Importing Genuine Products Without Permission Illegal

9 years, 4 months ago - January 12, 2013
It is illegal to import genuine products without having the permission of the person or company detaining the trademarks. Sudheer Maudhoo and Zario Ltd must have now learnt their lesson.

Before the Commercial Division of the Supreme Court, counsels for Sudheer Maudhoo and Zario Ltd, the respective defendants, have argued that they do not need the approval of the owners of the trademarks to import respectively a consignment of textile products bearing the trademark of Polo/Lauren and spare parts of trademark Nissan. In their respective plaints, The Polo/Lauren Company, L.P and Nissan Jodosha Kabushi Kaisha have sued Sudheer Maudhoo and Zario Ltd in the presence of the co-respondent, The Mauritius Revenue Authority (MRA). Both cases have been consolidated in view of the fact that the same issue has been raised, which is whether it is permissible in the state of our law for the parallel importation, obviously, of genuine goods. Justice Paul Lam Shang Leen has delivered a single judgment with a copy which was filed in each Court record.

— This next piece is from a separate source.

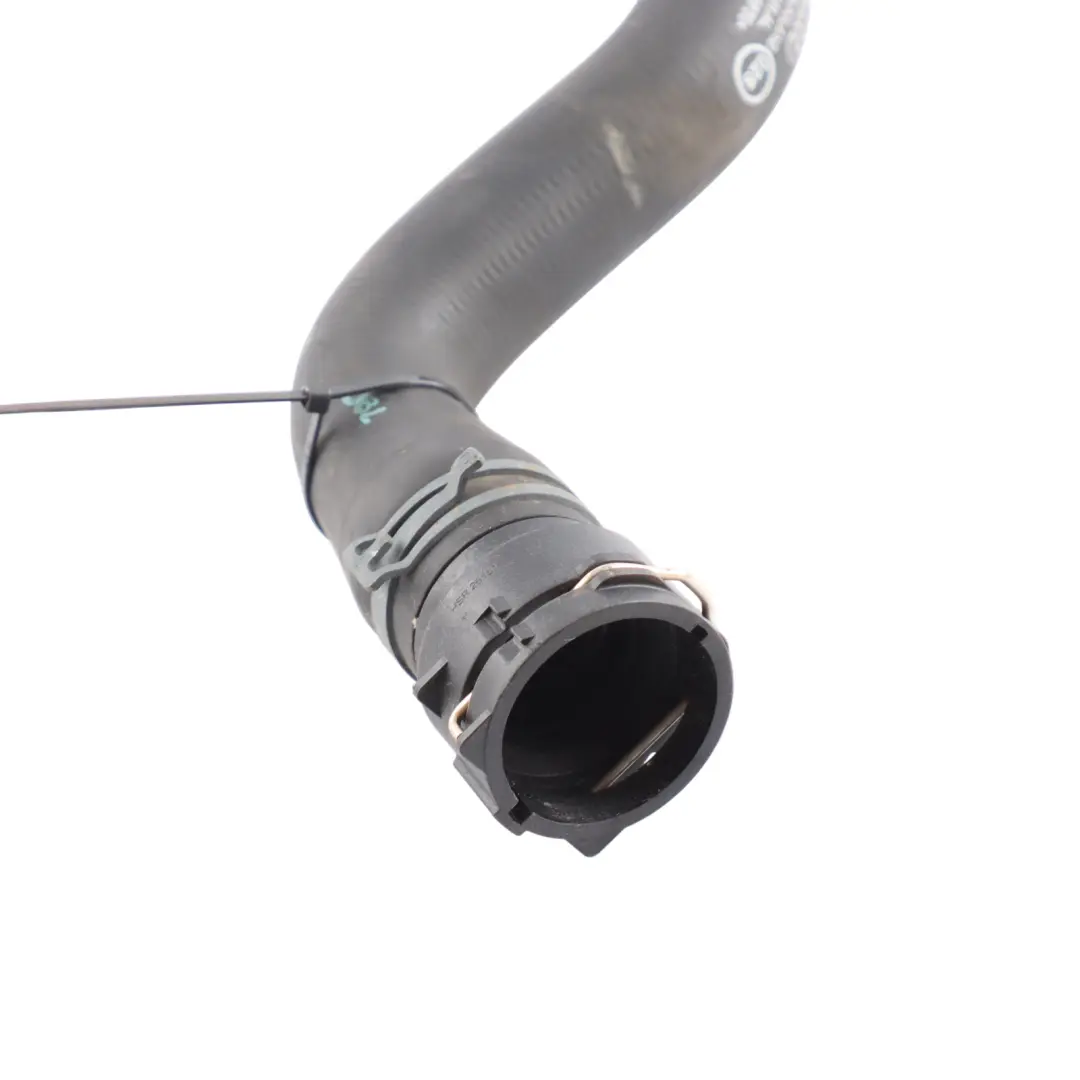 Manguera Refrigerante Agua 2.0 TDI Diesel para Audi A5 8T con número de pieza 8W0122101AL Audi A5 8T Manguera Refrigerante Agua 2.0 TDI Diesel - SKU 8W0122101AL - Número de pieza 8W0122101AL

In the first case The Polo/Lauren Company, L.P claims to be the owner of numerous trademarks as well as copyright of the Polo Player Symbol worldwide. The defendant imported into Mauritius goods bearing one or more of the trademarks of the plaintiff. It was notified by the MRA by a letter dated 2 July 2008 that clearance of the goods by the defendant would be suspended pending the plaintiff’s decision to enter legal proceedings regarding those goods within the statutory delay. The MRA was informed of an application made by the plaintiff to the Judge in Chambers for an interim injunction against the defendant.    

The plaintiff claims that the goods, which were imported by the defendant, came from the USA and that they did not form part of products it had put on to the market in Mauritius. According to the plaintiff the defendant had infringed (a) its rights under the Patent Industrial Designs and Trademarks Act 2002 (PIDTA), in as much as he imported the detained goods into Mauritius without its agreement and/or consent. The said products had not been put on the market neither by the plaintiff nor with its consent; (b) The defendant further infringed the economic rights of he plaintiff under the Copyrights Act 1997, in as much as the importation of the said product bearing the copyright of the plaintiff has been effected without its consent; and (c) the defendant acted in contempt of the Court in as much as he has imported the aforesaid goods in breach of both the judgment and on his own express acknowledgment therein that such a conduct would amount to a contempt.

In the second case, Nissan Judosha Kabushi Kaisha claims to be the owner in Mauritius of the following registered trademarks namely Nissan (class 12), Nissan and device (class 12 with logo) and Nissan and Devices 12 & 37 with logo  amongst others and that it did also apply to the MRA under the Customs Act for border protection measure. The plaintiff has an authorised and accredited distributor in Mauritius with a distribution agreement duly deposited before the Industrial Property Office as provided by the law.

Its contention is that Zario Ltd caused to be imported into Mauritius on or abut 31 March 2009 side lamps, side bumpers,  grills, head lamps, radiators, bump supports, etc, bearing one or more of Nissan Marks. The plaintiff claims that by its acts and doings the defendant has infringed its rights under section 40 of the PIDTA and also under the Prevention Against Unfair Practices (Industrial Property Rights) Act. On its part Zario Ltd has entered a counterclaim against the plaintiff.

In both their prayers the two plaintiffs move for a perpetual order restraining the respective defendants from importing the respective goods; restraining and prohibiting the MRA from releasing the goods imported and directing the MRA to destroy the aforesaid respective goods. In his long and motivated judgment of some 30 pages Justice Lam Shang Leen first set aside the counter claim of Zario Ltd against Nissan Jidosha Kabushi Kaisha with costs against the defendant. Secondly he ruled in favour of both plaintiffs. “For all the reasons given, the application is granted and the interlocutory order made by the learned Judge in Chambers is made perpetual and the detained goods to be destroyed with costs against the defendants,” the Judge finally concluded.